Silicon Insider: Signs of Life in the Economy

ByABC News
December 16, 2002, 2:29 PM

Dec. 17 -- Get ready for a nasty case of whiplash.

I don't think I've ever mentioned in this column that for the last four years I've taught a course in professional writing at my old twice-alma mater, Santa Clara University. I only teach it one quarter each year, to a small seminar composed mostly of seniors. As I write this I'm in the middle of grading final exams.

The structure of the class is that each lecture addresses a different type of professional writing, beginning with public relations, advertising and speechwriting, and ending 10 weeks later with screenwriting, novels and poetry. I start it with assignments such as introducing a guest speaker or announcing a new backpack, and end with writing the proposal for a non-fiction book. Pretty ambitious stuff, but my students (to my amazement given my own academic career) are always up to the task.

One important part of each lecture is that I try to tell the students about the pluses and minuses of each of these careers, and how much they are likely to be paid. I even make them attach an invoice to each of their homework assignments. It can be rather shocking for them to get "paid" $35,000 for an advertising campaign they dashed off in 10 minutes, and $25 for the CD review they lovingly labored over for two hours.

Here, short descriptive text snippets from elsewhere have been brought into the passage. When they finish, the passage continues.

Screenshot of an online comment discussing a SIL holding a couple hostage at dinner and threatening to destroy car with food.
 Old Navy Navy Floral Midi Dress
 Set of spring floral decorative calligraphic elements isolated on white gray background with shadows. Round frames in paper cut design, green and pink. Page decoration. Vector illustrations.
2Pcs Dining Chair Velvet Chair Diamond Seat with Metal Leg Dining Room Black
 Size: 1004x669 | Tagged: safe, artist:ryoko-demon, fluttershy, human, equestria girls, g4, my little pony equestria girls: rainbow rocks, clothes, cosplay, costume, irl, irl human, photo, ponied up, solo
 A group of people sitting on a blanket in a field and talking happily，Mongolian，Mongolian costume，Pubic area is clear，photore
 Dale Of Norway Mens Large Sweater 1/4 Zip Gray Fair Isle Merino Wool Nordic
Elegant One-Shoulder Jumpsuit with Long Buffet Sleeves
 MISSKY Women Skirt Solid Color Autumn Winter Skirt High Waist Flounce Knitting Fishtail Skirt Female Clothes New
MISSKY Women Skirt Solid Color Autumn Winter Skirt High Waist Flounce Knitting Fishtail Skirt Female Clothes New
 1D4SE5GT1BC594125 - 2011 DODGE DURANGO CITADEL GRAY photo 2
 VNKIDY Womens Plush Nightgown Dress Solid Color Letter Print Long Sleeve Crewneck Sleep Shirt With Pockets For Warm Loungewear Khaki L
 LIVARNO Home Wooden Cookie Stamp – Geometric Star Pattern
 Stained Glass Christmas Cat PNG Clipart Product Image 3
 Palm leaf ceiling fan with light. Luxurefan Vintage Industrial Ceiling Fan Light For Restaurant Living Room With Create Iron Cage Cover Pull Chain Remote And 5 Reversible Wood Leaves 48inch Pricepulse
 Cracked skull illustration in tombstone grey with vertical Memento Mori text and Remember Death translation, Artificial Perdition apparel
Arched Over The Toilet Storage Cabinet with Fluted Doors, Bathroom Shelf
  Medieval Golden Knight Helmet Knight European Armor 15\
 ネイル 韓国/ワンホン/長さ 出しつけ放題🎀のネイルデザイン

One of the best things about the class in the first few years was that the labor market was so strong that a job was waiting for any student who wanted a job in PR or advertising or corporate communications or journalism. I hired some myself. This added a certain excitement to the class, making it less like another theoretical seminar, and more like basic job training.

Last year, and especially this year, have been a different story. Newspapers and magazines and the PR and advertising industries that serve them have been in the worst tailspin since the Great Depression. It was especially difficult this fall, when even as I was lecturing on magazine writing, my own magazine, Forbes ASAP, the magazine I'd help found a decade ago and of which I'd been editor for three years, died. On one particularly awful day, I taught my class (trying to be as upbeat as possible), then went off to the magazine for the official termination meeting with corporate HR.